An anonymous interior ministry official told Interfax in late March that there were about 1,200 Vory v Zakone in Russia, 60 per cent of whom are citizens of neighbouring Georgia, a former Soviet republic that Russia crushed last year in a short war over the breakaway Georgian republics of South Ossetia and Abkhazia. (At about the same time Kremlin foe Mikheil Saakashvili, the Georgian president, reportedly boasted that he was cleaning up the country by sending Georgian Vory to Russia, making these crime bosses Georgia’s largest export to its former imperial masters.)
Alexander said the 1,200 figure sounded probable, but that it is impossible to say exactly how many Vory remain. Last year, he noted, the Russian interior minister Rashid Nurgaliyev publicly stated there were just 150 Vory in Russia.
“Of course he didn’t know anything,” Alexander said. “Someone just gave him a piece of paper with that information. But it was total nonsense. Twelve-hundred is closer to the real figure, but nobody knows for sure the exact number. Even the Vory themselves don’t know it. Someone dies, someone is killed, someone has their title revoked, someone is initiated … It’s not a brotherhood limited by territory. Any Vor can find connections anywhere he goes. Some are in jail in Spain, Italy, France, Uzbekistan.”

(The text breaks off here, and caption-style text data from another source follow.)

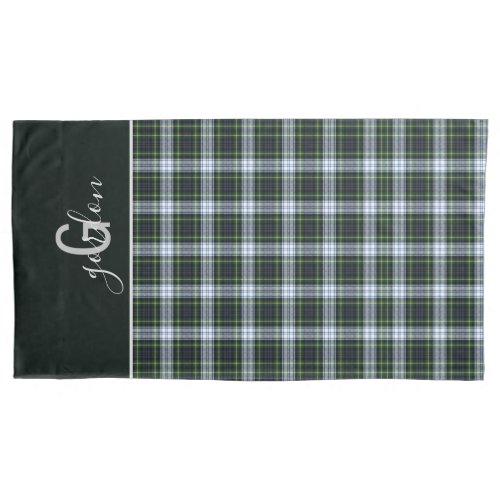 Monogrammed Clan Gordon Dress Tartan Plaid Pattern Pillow Case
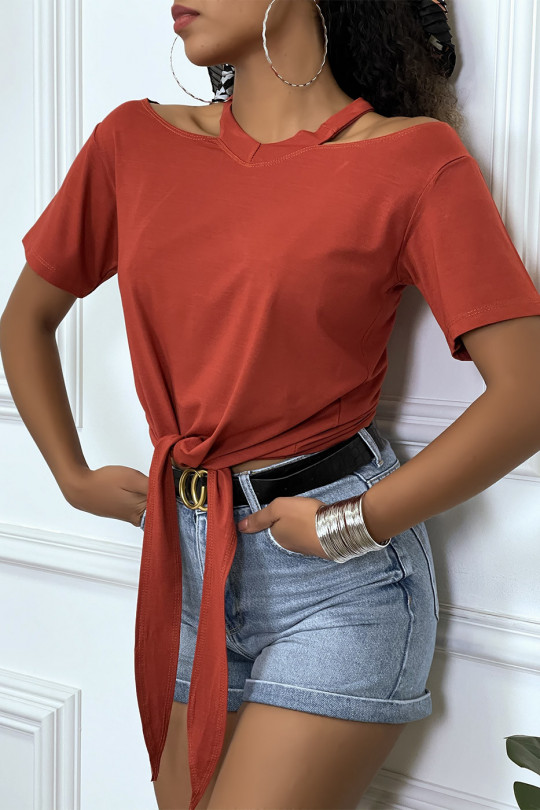 Cognac off-the-shoulder T-shirt with bow at the front - 6
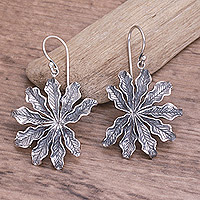 Sterling silver dangle earrings, 'Sugar Palm'
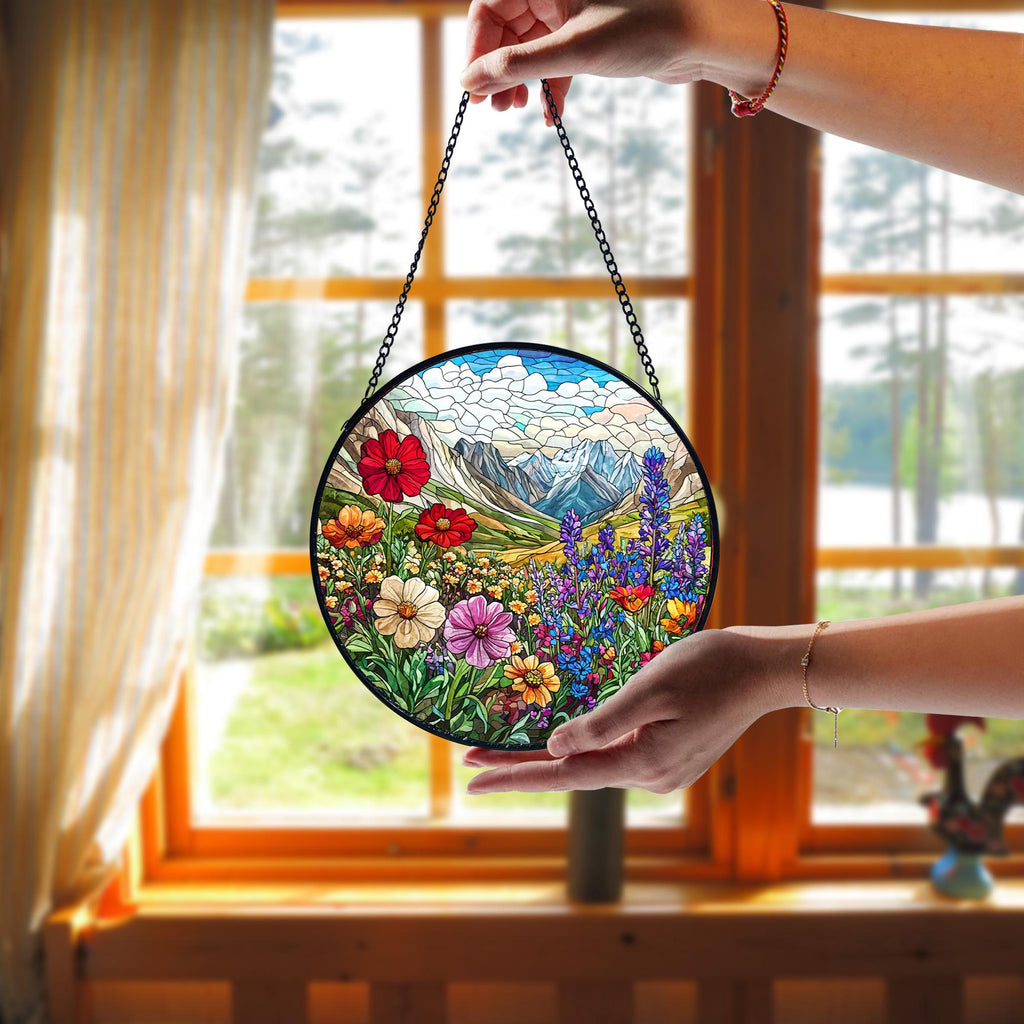 Handmade Stained Glass Wildflower Suncatcher_ Mountain Meadow Window Art, Handcrafted Stained Glass Suncatcher, Vibrant Window Art Panel, Sunlit Light Catcher Decoration, Boho Room Decor, Gift for Home Lovers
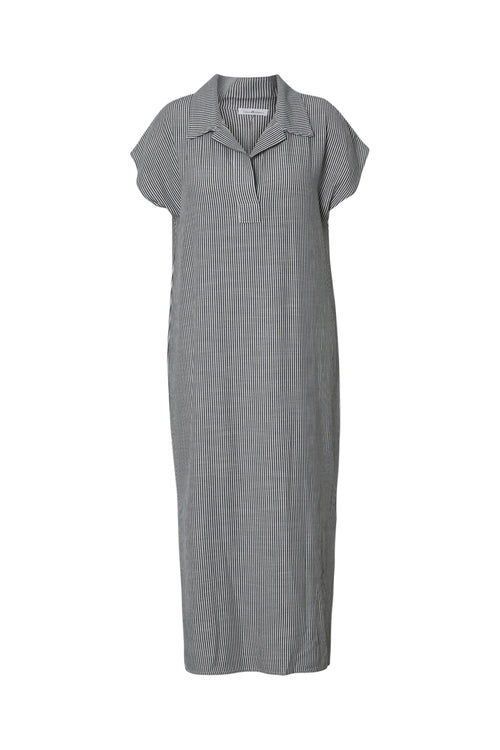 Langes Kleid aus Viskose mit Streifen-Paprika-10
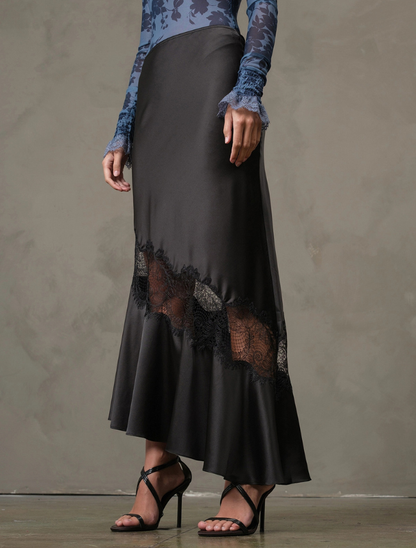 Raisonnel Lace-Inset Satin Bias Skirt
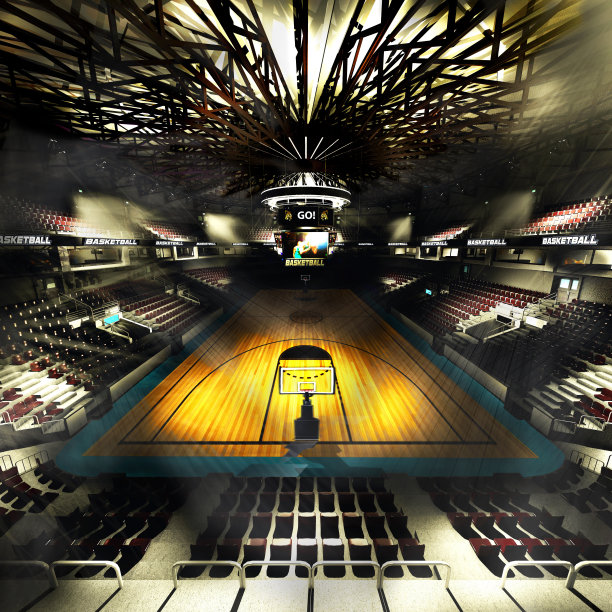 专业篮球场的舞台灯光3d插图图片下载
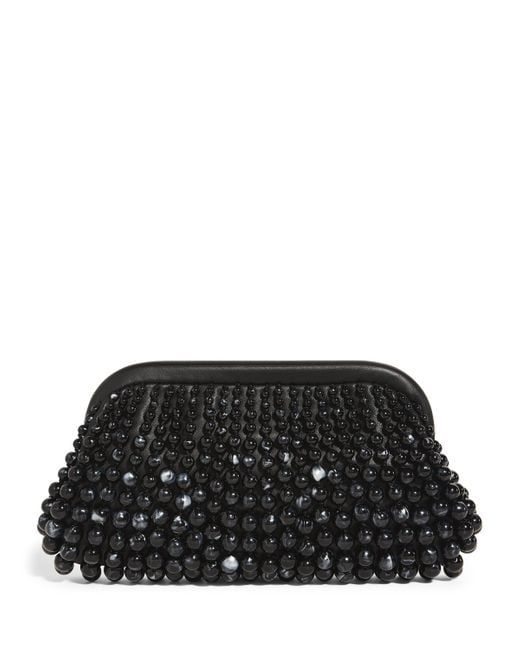 Cult Gaia Black Leather Embellished Nia Clutch Bag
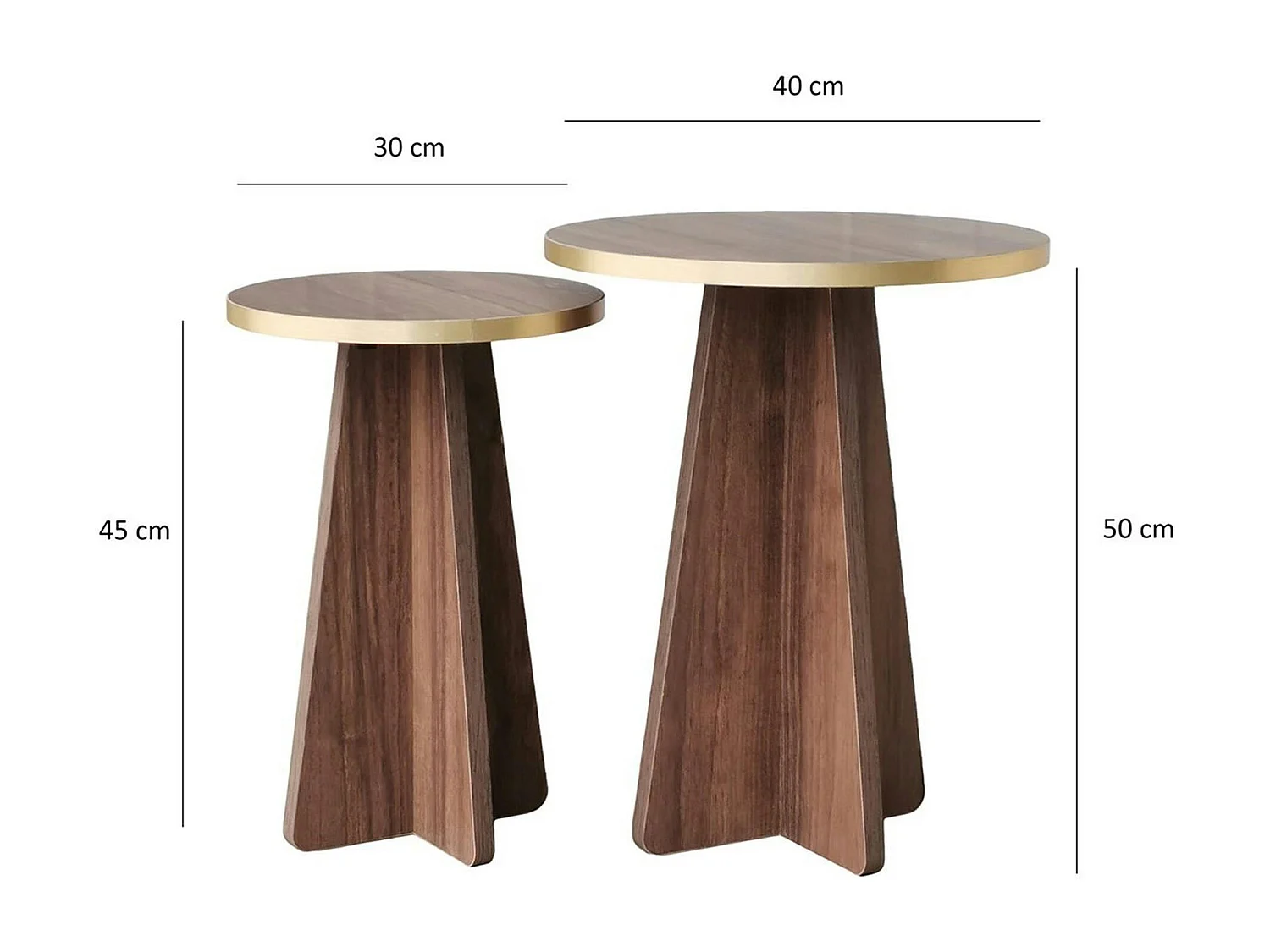 Bout de canapé moderne effet noyer - pieds trapèze, 2 pièces MARFA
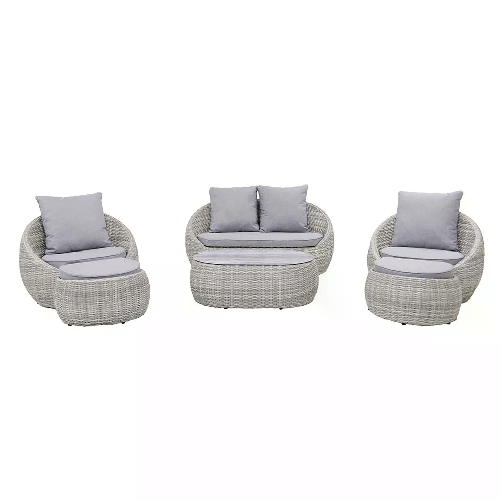 Tempo Style - Salottino da giardino 2 posti SANTORINI | Effetto vimini con cuscineria sfoderabile color grigio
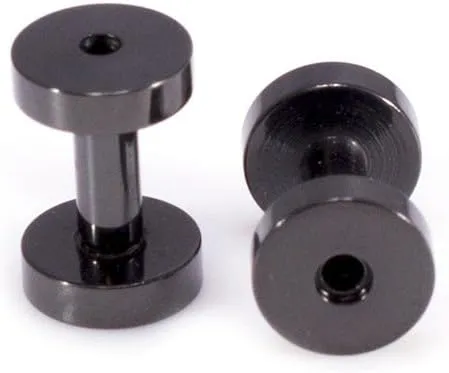 Ear Plugs Jewelry. Pair of Screw Ear Tunnels Black IP. Surgical Steel.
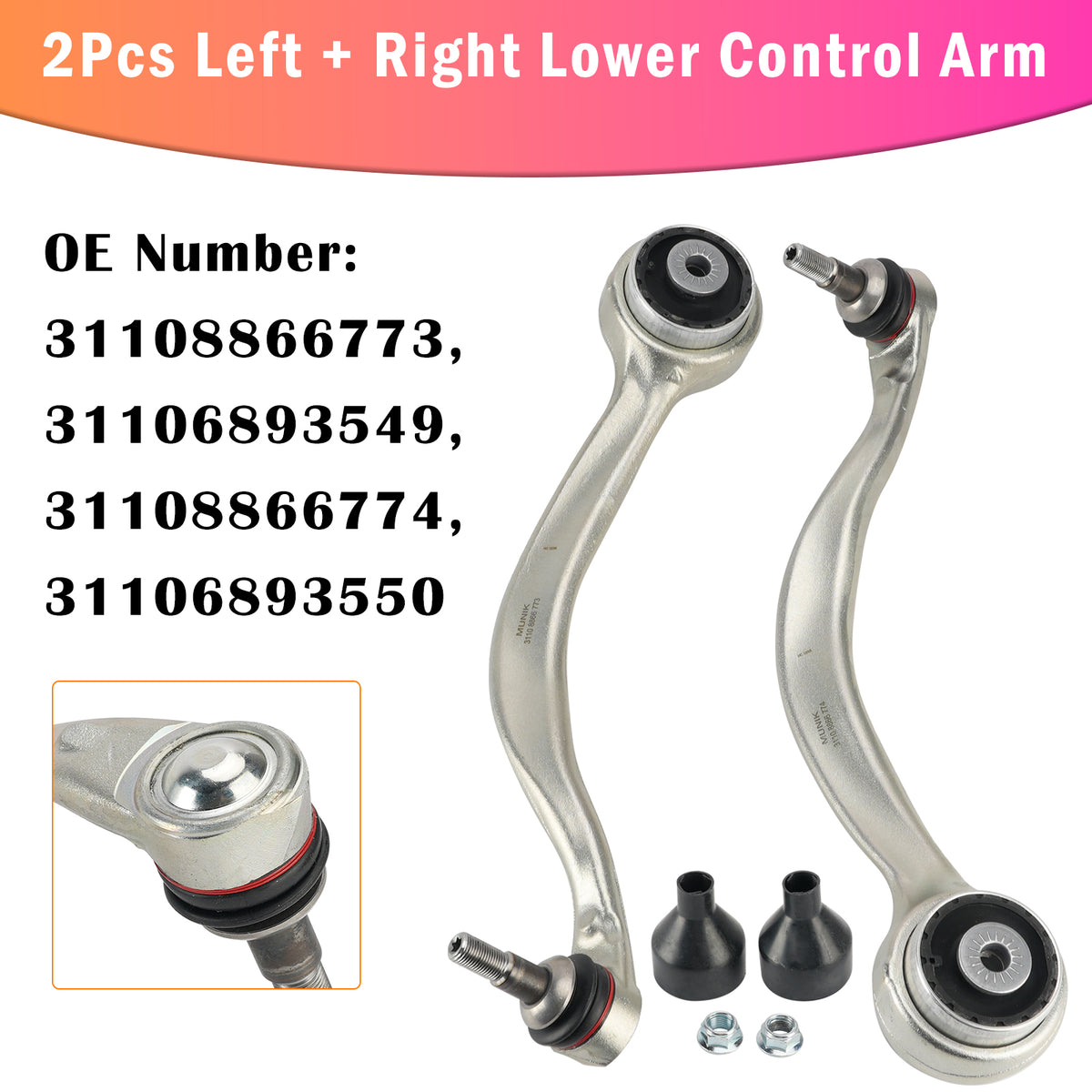 Braccio di controllo inferiore sinistro + destro 2 pezzi BMW X5 G05 X6 G06 X7 G07 2019-2024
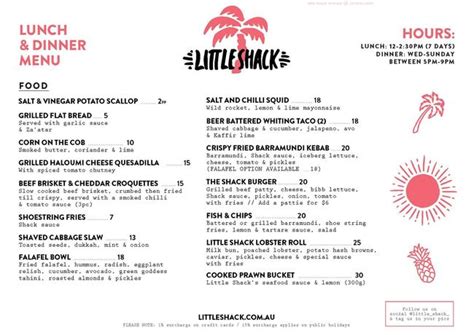 Online Menu of Little Shack Restaurant, Port Macquarie, New South Wales ...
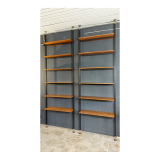 SOLD-Due-librerie-cielo-terra-in-legno-metallo-e-ottone-Ebanisteria-Fratelli-Merati-anni-50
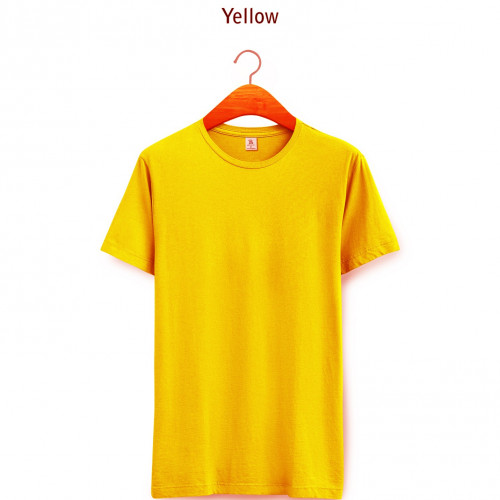 Round Half Sleeve Men Plain T-Shirts,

Wherever the world of the Vory is heading, Alexander said PrimeCrime.ru will be there to cover it. His obsessive interest in this criminal underworld is visceral, and he clearly enjoys discussing his ideas about Vory more than whether his site’s traffic will eventually reach its goal of 30,000 visitors a day, up from the current level 1,500 to 2,000 visitors.
“I have my own business. I have worked in big companies. I have other sources of income,” he said. “But this is the thing I am most interested in doing. What I do to make money isn’t really interesting to me. I believe that with time, what I am doing that interests me can bring in enough money to allow me to live without being distracted by anything else.”